Remember, each pup or division will be its own plant, so don’t separate the main plant into more pieces than you have homes for.
Aloes Need Time For Recovery After Dividing
Your aloe plant needs a little time for wounds to scab over, so to speak.
Leave the divided plants laying in a cool, dry location away from bright light to begin the healing process.
It will generally take up to 4 days for the roots to properly heal.
This is also a good time to add any rooting hormone.
While not necessary, root hormones can heal damaged roots more quickly and make it easier for the aloe to make a speedy recovery.

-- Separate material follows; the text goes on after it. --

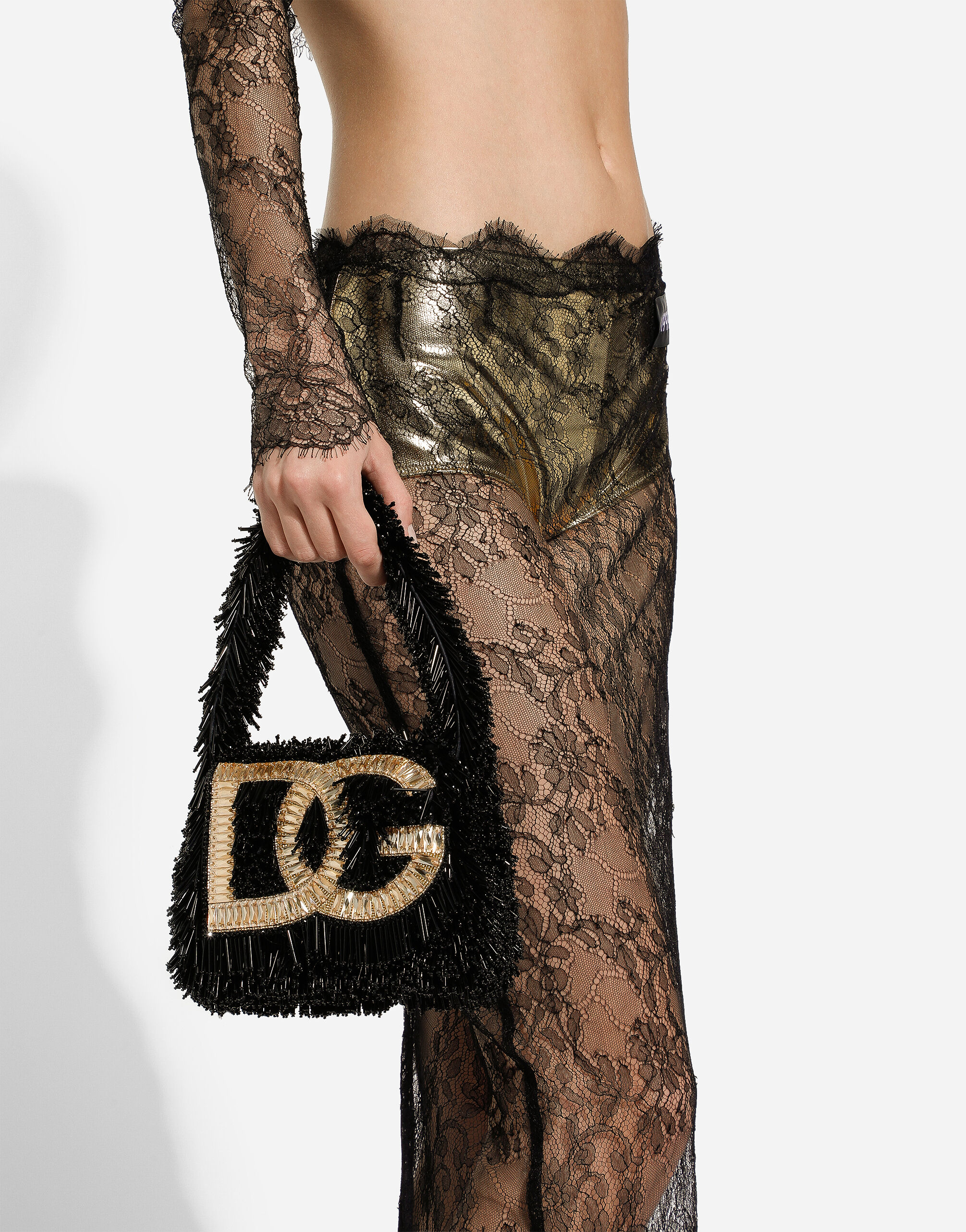 DG Logo Bag handbag in Multicolor for Women | Dolce&Gabbana® US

Picking A Pot For Your Aloe (Drainage is Key)
Choose a pot that has plenty of drainage holes and is small enough that the aloe’s roots will fill ⅔ of the pot.

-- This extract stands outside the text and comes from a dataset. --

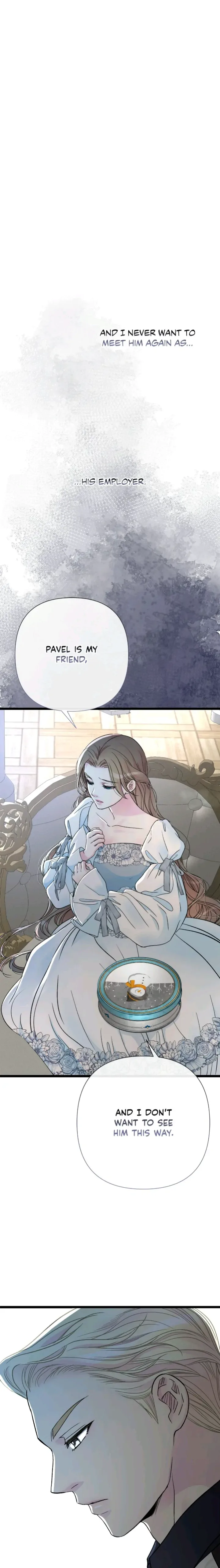 The Problematic Prince Chapter 63 page 12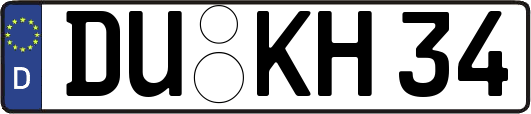 DU-KH34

Aloe likes a bit of confinement, and the smaller amount of expansion space also means less risk of too much moisture being retained by the plant.
A good rule of thumb is to aim for a more shallow pot, as aloe doesn’t root very deem and that extra soil may increase the risk of root rot.
Because aloe is a hardy plant, you can use a standard terra cotta pot or go for a cheaper plastic pot, as long as it drains well.
Pick the Right Soil For Your Aloe
Use fresh soil for the potting process.
You can choose any potting soil designed for succulents or make your own.
When mixing soil for aloe, remember they are desert plants, so they prefer nutrient-poor soil.
Be sure to add perlite or some other aggregate to ensure optimum drainage and dilute the potency of regular potting soils.
A good ratio is two parts aggregate to one part potting soil.
Potting Your Aloe
Finally, add a little soil to the bottom of the pot and lower the plant in.
Add more soil around the roots, tamping down to remove any air pockets.
Make sure the surface doesn’t expose the aloe’s roots and is properly tamped down.
Finally, avoid watering for a week to give the roots a second healing phase.